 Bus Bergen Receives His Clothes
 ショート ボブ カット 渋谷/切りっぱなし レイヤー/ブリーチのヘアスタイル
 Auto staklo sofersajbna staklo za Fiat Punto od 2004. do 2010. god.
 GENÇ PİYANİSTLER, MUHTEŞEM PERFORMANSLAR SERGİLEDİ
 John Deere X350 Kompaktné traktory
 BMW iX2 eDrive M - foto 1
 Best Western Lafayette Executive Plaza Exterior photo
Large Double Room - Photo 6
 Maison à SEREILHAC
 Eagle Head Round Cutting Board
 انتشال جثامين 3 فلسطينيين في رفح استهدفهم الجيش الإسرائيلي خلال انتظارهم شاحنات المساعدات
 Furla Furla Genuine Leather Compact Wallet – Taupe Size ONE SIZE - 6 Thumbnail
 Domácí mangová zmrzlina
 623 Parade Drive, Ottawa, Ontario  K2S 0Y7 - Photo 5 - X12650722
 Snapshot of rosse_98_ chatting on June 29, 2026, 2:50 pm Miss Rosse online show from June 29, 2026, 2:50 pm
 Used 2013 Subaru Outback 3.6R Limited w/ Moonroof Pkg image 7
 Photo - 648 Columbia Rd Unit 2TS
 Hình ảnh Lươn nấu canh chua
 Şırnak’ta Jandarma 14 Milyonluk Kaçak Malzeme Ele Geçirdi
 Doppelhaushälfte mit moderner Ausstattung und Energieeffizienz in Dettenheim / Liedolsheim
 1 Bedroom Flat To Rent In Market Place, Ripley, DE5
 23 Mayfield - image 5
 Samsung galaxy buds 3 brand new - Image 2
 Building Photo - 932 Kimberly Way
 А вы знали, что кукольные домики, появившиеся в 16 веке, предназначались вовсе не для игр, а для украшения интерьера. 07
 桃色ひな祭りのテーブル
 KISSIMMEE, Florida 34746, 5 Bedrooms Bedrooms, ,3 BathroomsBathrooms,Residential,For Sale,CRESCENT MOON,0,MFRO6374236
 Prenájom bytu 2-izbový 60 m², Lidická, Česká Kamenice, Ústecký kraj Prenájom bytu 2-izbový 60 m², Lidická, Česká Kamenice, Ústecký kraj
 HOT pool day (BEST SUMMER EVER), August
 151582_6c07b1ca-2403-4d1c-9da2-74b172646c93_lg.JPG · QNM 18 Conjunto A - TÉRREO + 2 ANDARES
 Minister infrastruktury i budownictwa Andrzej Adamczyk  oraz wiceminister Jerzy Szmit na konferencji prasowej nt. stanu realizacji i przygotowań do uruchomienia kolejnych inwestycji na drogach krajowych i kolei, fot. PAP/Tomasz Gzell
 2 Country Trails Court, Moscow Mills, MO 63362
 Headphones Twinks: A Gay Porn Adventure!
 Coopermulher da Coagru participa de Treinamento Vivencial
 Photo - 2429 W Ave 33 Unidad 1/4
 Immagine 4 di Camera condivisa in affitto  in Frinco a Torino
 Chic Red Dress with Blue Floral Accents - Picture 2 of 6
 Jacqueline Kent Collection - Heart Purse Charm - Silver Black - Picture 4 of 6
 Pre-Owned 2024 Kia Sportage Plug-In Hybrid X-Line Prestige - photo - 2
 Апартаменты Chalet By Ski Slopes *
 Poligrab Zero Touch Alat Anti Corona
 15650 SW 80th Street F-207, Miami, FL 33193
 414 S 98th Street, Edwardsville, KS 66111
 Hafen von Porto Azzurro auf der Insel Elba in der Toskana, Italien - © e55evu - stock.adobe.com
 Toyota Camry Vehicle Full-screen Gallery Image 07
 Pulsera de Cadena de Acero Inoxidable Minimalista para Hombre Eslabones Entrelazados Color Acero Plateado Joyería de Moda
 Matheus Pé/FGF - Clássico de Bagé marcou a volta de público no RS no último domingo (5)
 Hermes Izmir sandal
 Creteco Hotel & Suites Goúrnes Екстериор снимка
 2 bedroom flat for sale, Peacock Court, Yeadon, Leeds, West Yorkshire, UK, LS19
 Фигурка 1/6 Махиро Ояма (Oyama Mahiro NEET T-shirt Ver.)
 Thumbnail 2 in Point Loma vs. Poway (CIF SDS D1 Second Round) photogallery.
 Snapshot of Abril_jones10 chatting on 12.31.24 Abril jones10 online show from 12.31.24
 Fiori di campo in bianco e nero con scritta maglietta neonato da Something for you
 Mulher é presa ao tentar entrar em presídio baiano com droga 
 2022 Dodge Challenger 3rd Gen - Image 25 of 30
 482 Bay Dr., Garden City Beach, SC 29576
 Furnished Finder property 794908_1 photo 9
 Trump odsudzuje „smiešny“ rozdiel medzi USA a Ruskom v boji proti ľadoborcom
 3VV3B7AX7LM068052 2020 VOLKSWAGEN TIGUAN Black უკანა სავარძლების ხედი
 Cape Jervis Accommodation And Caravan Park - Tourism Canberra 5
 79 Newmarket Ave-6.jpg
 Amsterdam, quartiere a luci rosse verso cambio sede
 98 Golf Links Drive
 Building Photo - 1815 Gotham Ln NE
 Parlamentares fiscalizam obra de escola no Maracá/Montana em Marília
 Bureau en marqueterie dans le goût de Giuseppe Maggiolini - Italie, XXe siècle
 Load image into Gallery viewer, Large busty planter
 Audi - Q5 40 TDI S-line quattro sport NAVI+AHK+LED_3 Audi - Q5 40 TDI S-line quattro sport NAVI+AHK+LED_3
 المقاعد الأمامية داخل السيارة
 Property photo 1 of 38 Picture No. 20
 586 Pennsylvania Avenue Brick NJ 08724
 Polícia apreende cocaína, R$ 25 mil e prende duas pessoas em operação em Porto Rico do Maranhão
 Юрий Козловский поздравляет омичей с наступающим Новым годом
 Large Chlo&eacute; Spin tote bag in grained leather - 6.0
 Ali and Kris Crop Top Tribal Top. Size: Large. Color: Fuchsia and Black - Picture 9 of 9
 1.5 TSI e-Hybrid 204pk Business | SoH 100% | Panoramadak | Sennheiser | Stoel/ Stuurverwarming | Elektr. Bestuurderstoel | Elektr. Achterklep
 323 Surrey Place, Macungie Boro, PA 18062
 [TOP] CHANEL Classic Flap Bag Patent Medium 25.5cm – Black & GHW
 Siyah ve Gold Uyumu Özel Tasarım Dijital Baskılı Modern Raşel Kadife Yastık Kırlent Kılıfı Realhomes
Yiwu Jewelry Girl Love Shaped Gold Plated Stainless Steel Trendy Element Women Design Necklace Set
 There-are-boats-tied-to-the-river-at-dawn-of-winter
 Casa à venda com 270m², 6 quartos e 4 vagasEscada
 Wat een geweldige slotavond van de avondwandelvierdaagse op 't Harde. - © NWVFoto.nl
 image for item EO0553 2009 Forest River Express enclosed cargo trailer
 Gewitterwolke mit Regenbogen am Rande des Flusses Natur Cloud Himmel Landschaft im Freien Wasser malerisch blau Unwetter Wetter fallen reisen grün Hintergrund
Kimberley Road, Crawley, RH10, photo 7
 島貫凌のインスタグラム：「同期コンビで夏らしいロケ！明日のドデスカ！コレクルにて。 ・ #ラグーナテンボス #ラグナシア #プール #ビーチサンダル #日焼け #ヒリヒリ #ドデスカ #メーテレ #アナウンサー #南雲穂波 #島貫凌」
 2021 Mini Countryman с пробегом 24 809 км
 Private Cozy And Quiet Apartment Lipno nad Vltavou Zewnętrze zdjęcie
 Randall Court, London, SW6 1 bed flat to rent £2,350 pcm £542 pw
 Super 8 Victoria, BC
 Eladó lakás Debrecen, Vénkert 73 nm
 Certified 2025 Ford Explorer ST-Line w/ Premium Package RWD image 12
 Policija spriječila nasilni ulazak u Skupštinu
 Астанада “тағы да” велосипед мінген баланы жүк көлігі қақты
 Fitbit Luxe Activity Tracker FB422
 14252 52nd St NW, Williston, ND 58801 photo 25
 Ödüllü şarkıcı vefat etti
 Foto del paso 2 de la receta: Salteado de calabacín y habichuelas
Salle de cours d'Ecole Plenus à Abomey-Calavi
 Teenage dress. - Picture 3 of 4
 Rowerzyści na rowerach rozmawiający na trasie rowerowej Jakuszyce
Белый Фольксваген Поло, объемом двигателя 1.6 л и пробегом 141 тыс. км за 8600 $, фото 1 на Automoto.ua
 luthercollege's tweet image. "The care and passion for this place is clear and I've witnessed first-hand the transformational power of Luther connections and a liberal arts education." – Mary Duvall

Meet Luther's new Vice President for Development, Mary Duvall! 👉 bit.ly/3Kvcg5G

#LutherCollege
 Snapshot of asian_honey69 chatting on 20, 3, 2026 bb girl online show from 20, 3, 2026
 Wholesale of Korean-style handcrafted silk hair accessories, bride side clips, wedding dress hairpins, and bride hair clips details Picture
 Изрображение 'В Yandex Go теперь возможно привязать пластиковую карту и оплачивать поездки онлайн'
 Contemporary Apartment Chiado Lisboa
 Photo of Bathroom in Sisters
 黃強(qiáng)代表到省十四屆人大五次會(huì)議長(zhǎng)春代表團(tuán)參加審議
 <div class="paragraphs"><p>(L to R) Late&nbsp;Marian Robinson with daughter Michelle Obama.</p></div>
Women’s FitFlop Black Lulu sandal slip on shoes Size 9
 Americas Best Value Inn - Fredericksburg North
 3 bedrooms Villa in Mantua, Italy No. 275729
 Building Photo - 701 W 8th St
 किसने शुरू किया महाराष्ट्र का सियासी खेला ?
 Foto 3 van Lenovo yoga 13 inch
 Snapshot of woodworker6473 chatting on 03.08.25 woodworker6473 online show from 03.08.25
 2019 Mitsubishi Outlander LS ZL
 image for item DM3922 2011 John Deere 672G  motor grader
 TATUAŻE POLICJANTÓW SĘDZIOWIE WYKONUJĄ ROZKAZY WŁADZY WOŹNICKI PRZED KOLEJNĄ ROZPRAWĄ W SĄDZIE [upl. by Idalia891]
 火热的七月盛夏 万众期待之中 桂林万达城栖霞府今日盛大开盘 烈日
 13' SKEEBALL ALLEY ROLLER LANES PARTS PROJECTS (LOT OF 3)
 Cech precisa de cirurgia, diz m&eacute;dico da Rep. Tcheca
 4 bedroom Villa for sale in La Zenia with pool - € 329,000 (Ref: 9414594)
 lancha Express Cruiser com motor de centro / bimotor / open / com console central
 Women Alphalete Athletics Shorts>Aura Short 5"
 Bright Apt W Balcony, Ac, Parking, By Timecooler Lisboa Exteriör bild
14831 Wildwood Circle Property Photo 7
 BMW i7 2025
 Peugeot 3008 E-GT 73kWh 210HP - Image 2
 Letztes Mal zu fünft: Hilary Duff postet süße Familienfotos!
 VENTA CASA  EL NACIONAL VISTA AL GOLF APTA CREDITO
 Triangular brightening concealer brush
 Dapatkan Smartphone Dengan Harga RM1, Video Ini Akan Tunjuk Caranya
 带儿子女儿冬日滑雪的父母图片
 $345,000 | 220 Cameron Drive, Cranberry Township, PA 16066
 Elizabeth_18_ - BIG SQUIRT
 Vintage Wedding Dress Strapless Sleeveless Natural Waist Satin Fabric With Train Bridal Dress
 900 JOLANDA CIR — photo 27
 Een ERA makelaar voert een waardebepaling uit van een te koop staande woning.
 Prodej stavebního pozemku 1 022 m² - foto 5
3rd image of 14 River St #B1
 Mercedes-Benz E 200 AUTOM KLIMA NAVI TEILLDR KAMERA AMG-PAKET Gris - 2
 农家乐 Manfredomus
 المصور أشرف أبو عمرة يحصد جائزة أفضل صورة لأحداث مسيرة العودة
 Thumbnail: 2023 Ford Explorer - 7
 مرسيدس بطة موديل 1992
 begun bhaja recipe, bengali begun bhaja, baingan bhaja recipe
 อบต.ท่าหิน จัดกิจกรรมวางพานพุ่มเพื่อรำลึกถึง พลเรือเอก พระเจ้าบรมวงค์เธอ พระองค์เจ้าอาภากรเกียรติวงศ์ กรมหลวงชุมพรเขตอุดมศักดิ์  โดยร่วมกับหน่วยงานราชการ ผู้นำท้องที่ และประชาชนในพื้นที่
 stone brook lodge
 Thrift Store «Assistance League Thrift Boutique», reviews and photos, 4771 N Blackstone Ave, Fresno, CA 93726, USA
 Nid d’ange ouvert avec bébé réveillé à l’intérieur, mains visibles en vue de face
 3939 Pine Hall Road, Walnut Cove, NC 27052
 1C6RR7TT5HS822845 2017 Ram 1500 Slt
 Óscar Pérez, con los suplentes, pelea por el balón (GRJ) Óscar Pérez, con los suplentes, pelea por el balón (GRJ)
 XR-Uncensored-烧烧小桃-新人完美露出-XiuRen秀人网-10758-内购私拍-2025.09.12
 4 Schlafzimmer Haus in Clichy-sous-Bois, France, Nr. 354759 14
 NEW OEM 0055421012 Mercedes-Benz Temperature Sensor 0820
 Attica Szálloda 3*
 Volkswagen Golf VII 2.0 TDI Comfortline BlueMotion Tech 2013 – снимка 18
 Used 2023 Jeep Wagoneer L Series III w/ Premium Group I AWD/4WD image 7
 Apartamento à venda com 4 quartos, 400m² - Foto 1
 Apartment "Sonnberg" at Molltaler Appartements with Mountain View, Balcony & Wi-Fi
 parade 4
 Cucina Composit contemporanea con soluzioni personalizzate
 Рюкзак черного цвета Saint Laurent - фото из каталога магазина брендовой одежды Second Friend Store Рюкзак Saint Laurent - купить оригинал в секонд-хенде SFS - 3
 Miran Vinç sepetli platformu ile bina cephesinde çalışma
════════════════════
= What the exercise asks =
Your task for the entries above: copy exactly the span starting with the line with "482 Bay Dr., Garden City Beach, SC 29576" and going on through the line with "島貫凌のインスタグラム：「同期コンビで夏らしいロケ！明日のドデスカ！コレクルにて。 ・ #ラグーナテンボス", both lines included, and nothing else.

= Problem solution =
 482 Bay Dr., Garden City Beach, SC 29576
 Furnished Finder property 794908_1 photo 9
 Trump odsudzuje „smiešny“ rozdiel medzi USA a Ruskom v boji proti ľadoborcom
 3VV3B7AX7LM068052 2020 VOLKSWAGEN TIGUAN Black უკანა სავარძლების ხედი
 Cape Jervis Accommodation And Caravan Park - Tourism Canberra 5
 79 Newmarket Ave-6.jpg
 Amsterdam, quartiere a luci rosse verso cambio sede
 98 Golf Links Drive
 Building Photo - 1815 Gotham Ln NE
 Parlamentares fiscalizam obra de escola no Maracá/Montana em Marília
 Bureau en marqueterie dans le goût de Giuseppe Maggiolini - Italie, XXe siècle
 Load image into Gallery viewer, Large busty planter
 Audi - Q5 40 TDI S-line quattro sport NAVI+AHK+LED_3 Audi - Q5 40 TDI S-line quattro sport NAVI+AHK+LED_3
 المقاعد الأمامية داخل السيارة
 Property photo 1 of 38 Picture No. 20
 586 Pennsylvania Avenue Brick NJ 08724
 Polícia apreende cocaína, R$ 25 mil e prende duas pessoas em operação em Porto Rico do Maranhão
 Юрий Козловский поздравляет омичей с наступающим Новым годом
 Large Chlo&eacute; Spin tote bag in grained leather - 6.0
 Ali and Kris Crop Top Tribal Top. Size: Large. Color: Fuchsia and Black - Picture 9 of 9
 1.5 TSI e-Hybrid 204pk Business | SoH 100% | Panoramadak | Sennheiser | Stoel/ Stuurverwarming | Elektr. Bestuurderstoel | Elektr. Achterklep
 323 Surrey Place, Macungie Boro, PA 18062
 [TOP] CHANEL Classic Flap Bag Patent Medium 25.5cm – Black & GHW
 Siyah ve Gold Uyumu Özel Tasarım Dijital Baskılı Modern Raşel Kadife Yastık Kırlent Kılıfı Realhomes
Yiwu Jewelry Girl Love Shaped Gold Plated Stainless Steel Trendy Element Women Design Necklace Set
 There-are-boats-tied-to-the-river-at-dawn-of-winter
 Casa à venda com 270m², 6 quartos e 4 vagasEscada
 Wat een geweldige slotavond van de avondwandelvierdaagse op 't Harde. - © NWVFoto.nl
 image for item EO0553 2009 Forest River Express enclosed cargo trailer
 Gewitterwolke mit Regenbogen am Rande des Flusses Natur Cloud Himmel Landschaft im Freien Wasser malerisch blau Unwetter Wetter fallen reisen grün Hintergrund
Kimberley Road, Crawley, RH10, photo 7
 島貫凌のインスタグラム：「同期コンビで夏らしいロケ！明日のドデスカ！コレクルにて。 ・ #ラグーナテンボス #ラグナシア #プール #ビーチサンダル #日焼け #ヒリヒリ #ドデスカ #メーテレ #アナウンサー #南雲穂波 #島貫凌」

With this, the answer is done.